The president appeared at the White House with three female nominees: Priscilla Owen -- whose nomination has been blocked by Democrats -- Janice Rogers Brown and Carolyn Kuhl. Brown and Kuhl have not yet had their names brought to the Senate floor.

The three nominees at the center of the dispute are Owen, a Texas Supreme Court justice nominated for the 5th U.S. Circuit Court of Appeals in New Orleans; Alabama Attorney General William Pryor, nominated by Bush to the 11th U.S. Circuit Court of Appeals in Atlanta, and U.S. District Judge Charles Pickering of Mississippi, also nominated to the 5th Circuit.

"I have handled my duty in the right way by picking superb men and women to serve our country as federal judges," Bush said. "These folks deserve an up or down vote on the Senate floor."

Senate Republican leaders scheduled the extended debate because if no Democrats are on hand to object at every moment during the entire 30 hours, Republicans could break the filibuster and confirm the nominees.

No one expected that to happen, but the Republicans hoped keeping the Senate in session all night for the first time in a decade would draw public attention to the Democratic strategy of using filibusters to keep Bush nominees off the federal bench.

The senators had cots brought into the Capitol on Wednesday in preparation for the marathon session.

The three contested nominees have been approved by the Judiciary Committee and have enough support to get the simple majority vote needed to be confirmed on the Senate floor.

However, Democrats are using Senate rules to filibuster the nominations, effectively blocking a vote. It takes 60 votes to end a filibuster, and Republicans, who have 51 seats in the Senate, have been unable to line up enought votes.
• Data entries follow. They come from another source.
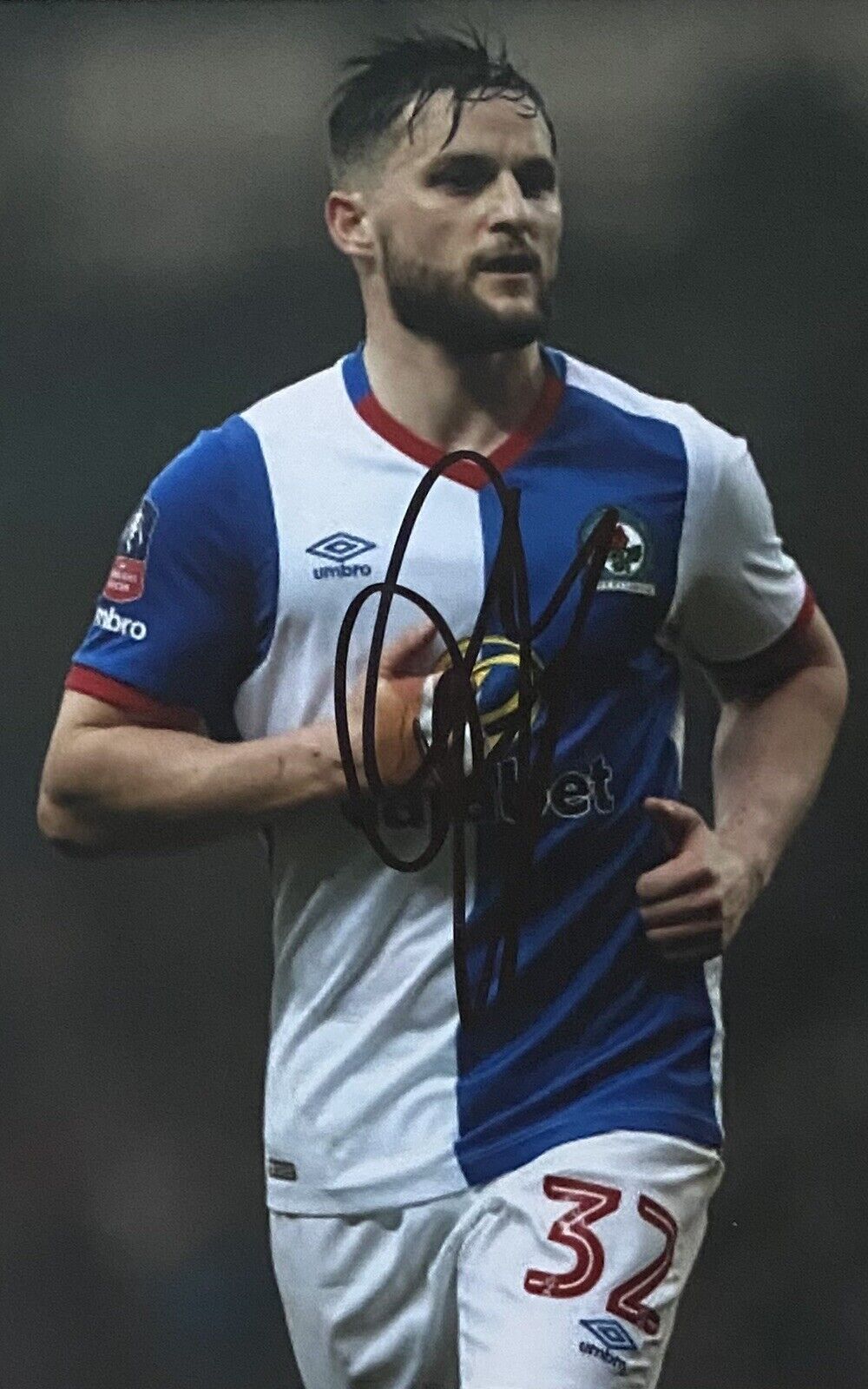 Craig Conway Genuine Hand Signed Blackburn Rovers 6X4 Photo Poster painting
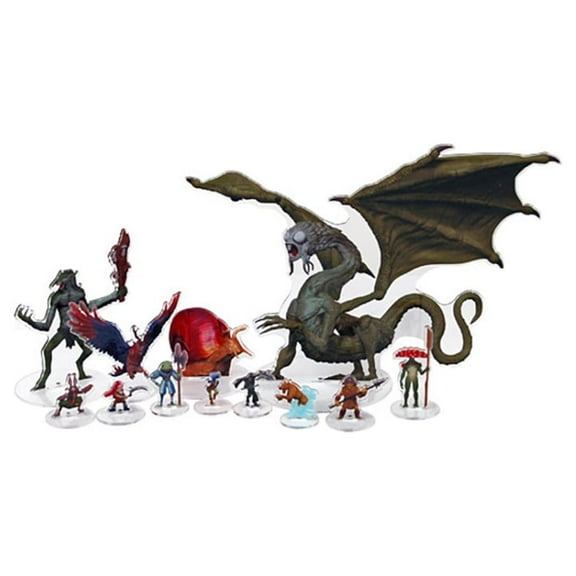 D&D Idols of the Realms: The Wild Beyond The Witchlight : 2D Set 1 -16pc Dungeons & Dragons 2D Acrylic Miniatures - RPG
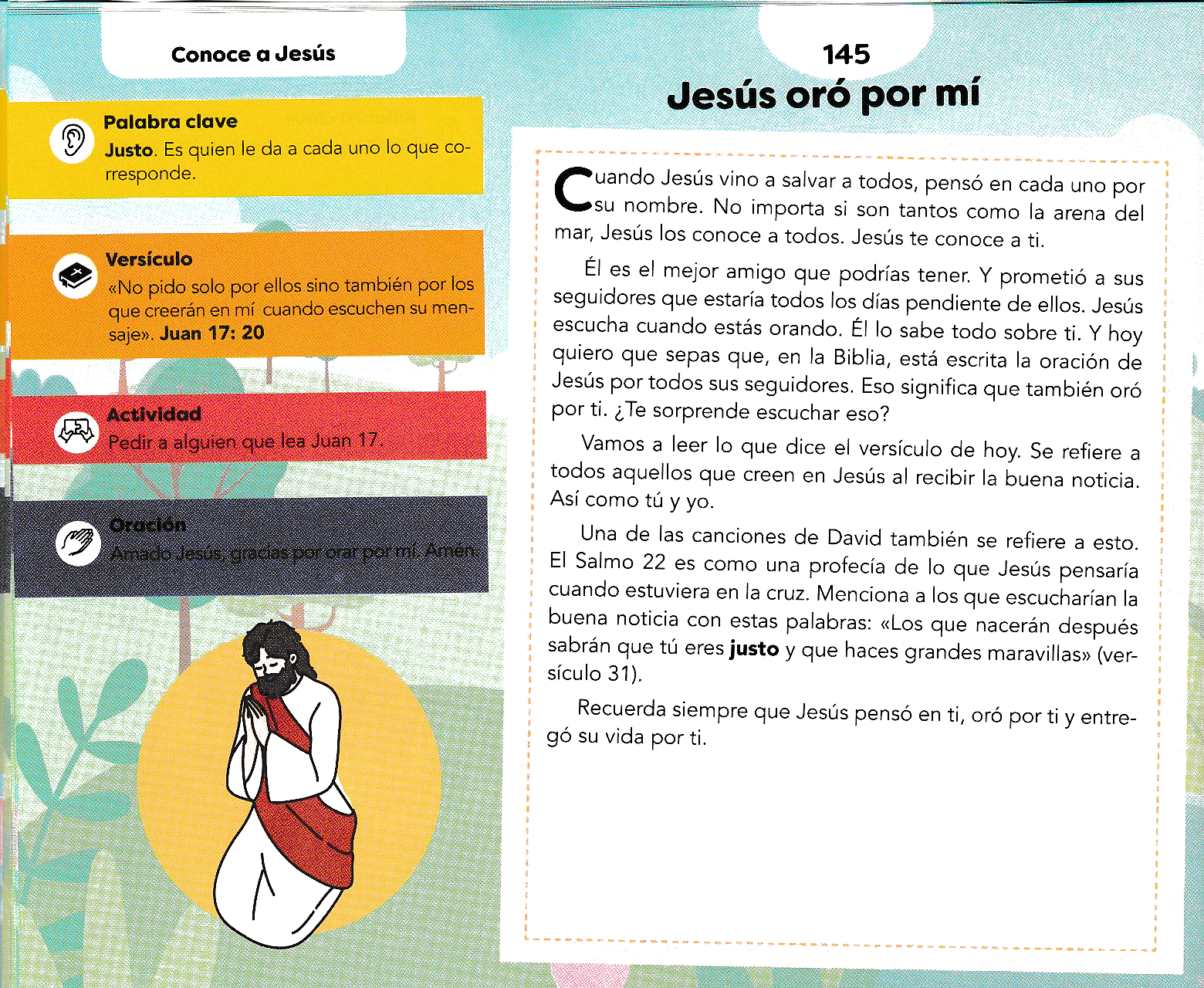 Página ilustrada del devocional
"There has been a concerted effort by the Democratic leadership to block judicial nominees in an unprecedented way, and that's why we're all here tonight," South Carolina Republican Sen. Lindsey Graham said from the floor of the Senate. "Not only is it unprecedented, it's very dangerous."

Democrats: Bush got '98 percent' of his picks

Democrats said that 98 percent of Bush's nominees have been confirmed, and that the filibuster is a long-standing Senate rule to block ideological nominees who are out of the mainstream.

Democrats also said Republicans used filibusters to block far more of President Clinton's judicial nominations, and accuse Republicans of making a big deal of the Democratic filibusters to make the Democratic Party look bad.

But Bush insisted, "Our circuit courts remain in some cases dangerously vacant... Where's the justice?" If the senators behind the filibusters are fair, he said, they will bring the judicial nominees "up to a vote today."

"Well, here we go, more complaining and more upset from the other side," said Barbara Boxer, D-California, on the floor of the Senate. "They just didn't get 100 percent of what they wanted. They only got 98 percent. The score, 168 to 4. You can print other charts, but here's the truth."

"This is a phony filibuster on a phony issue," Sen. Patrick Leahy, D-Vermont, said Wednesday, on CNN's Judy Woodruff's "Inside Politics."

Leahy, the Judiciary Committee's ranking Democrat, said Republicans used Senate rules to torpedo 63 judicial nominations made by President Clinton.